Shrewsbury Flaxmill, Fielden Clegg Bradley Studios

The Royal Institute of British Architects (RIBA) has announced the shortlist for the Reinvention Award 2024

The annual award recognises achievement in the creative reuse of buildings to improve their environmental, social, or economic sustainability. It aims to shine a light on “retrofitting”, increasing the longevity and energy efficiency of existing buildings, and reducing the need for demolition and new construction.

This year’s shortlist acknowledges four projects that revitalise the areas and communities around them, each improving the places we live and work while creating a new, ambitious standard in how we approach reuse in architecture.

The shortlisted projects are:

 

A ruined rural croft on the Isle of Mull has been modestly yet expertly converted, expanding a busy local restaurant and providing a valuable community space, while meeting the stringent regulations of a National Scenic Area.

The second phase of an ongoing regeneration of Europe’s largest listed structure which sits on a prominent hillside overlooking Sheffield City Centre. Internal spaces are modernised through open plan designs and the addition of balconies, while thermal imaging has allowed sustainability experts to  improve energy efficiency.
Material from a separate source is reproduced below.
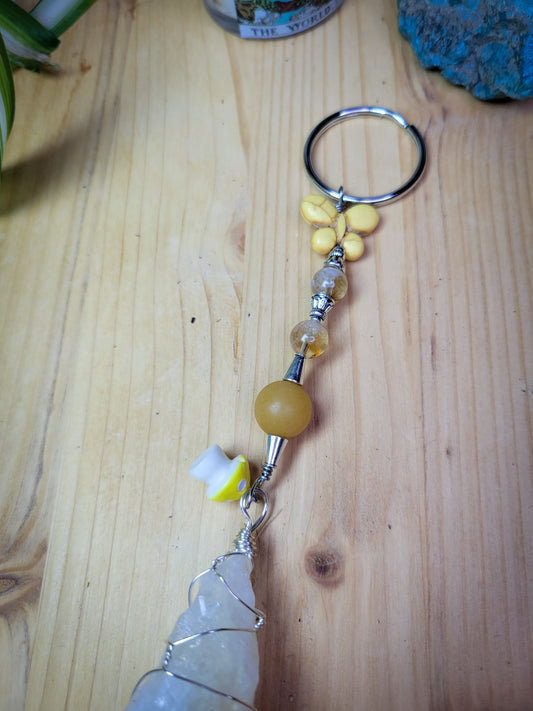 Citrine Charm Crystal Keychain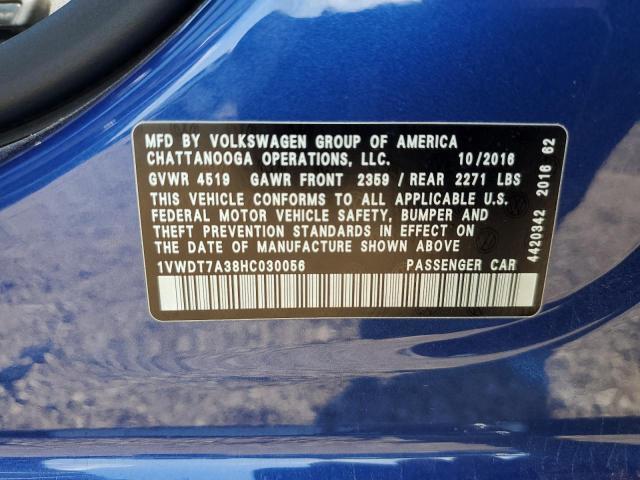 1VWDT7A38HC030056 - 2017 VOLKSWAGEN PASSAT R-LINE Mavi foto 12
A full refurbishment of a hugely important historic structure has turned the world’s first iron-frame building, nicknamed the ‘grandparent of skyscrapers’ into a new leisure destination with a visitor centre and cafe that embraces its industrial heritage.

An outdated and unsuitable 1957 office and retail building has been transformed into a vibrant, sustainable centre for modern workspace and retail. The new façade brings depth and rhythm whilst cleverly negotiating the contrasting scale and character of Oxford Street and Duke Street.

Jury Chair and Director of Dow Jones, Biba Dow, said:

“Each of the shortlisted projects presents an exceptional approach to adapting an existing building. Our shortlist of four is diverse, with a commercial office building in central London, a Grade I-listed mill in Shropshire that is the earliest iron-framed building in the world, the redevelopment of Park Hill (Phase 2) housing in Sheffield which is Europe’s largest listed structure, and a restaurant in a small ruined byre on the Isle of Mull. 

Collectively and separately, these projects show us how, with architectural imagination and care, buildings can be adapted to respond to new uses with re-imagined spaces and honed architectural character.”

RIBA President, Muyiwa Oki, said:

“The importance of retrofitting and adaptive re-use cannot be overstated. Not least because most buildings that we will inhabit in the future have already been built. As architects, we are faced with the task of creatively responding to this issue, while balancing the needs of the local community and environment.

The four shortlisted projects for this year’s Reinvention Award are all inspiring examples of how this can be achieved, with each carefully considering the context of their area, community and environmental needs. Diverse in their approach to reuse, these projects now set a benchmark for future retrofit endeavors.”

The Reinvention Award 2024 jury comprised: Director of Dow Jones, Biba Dow (Chair); Partner at van Heyningen and Haward Architects, James McGosh; and Architectural and Urban Historian at the University of Warwick, Otto Saumarez Smith.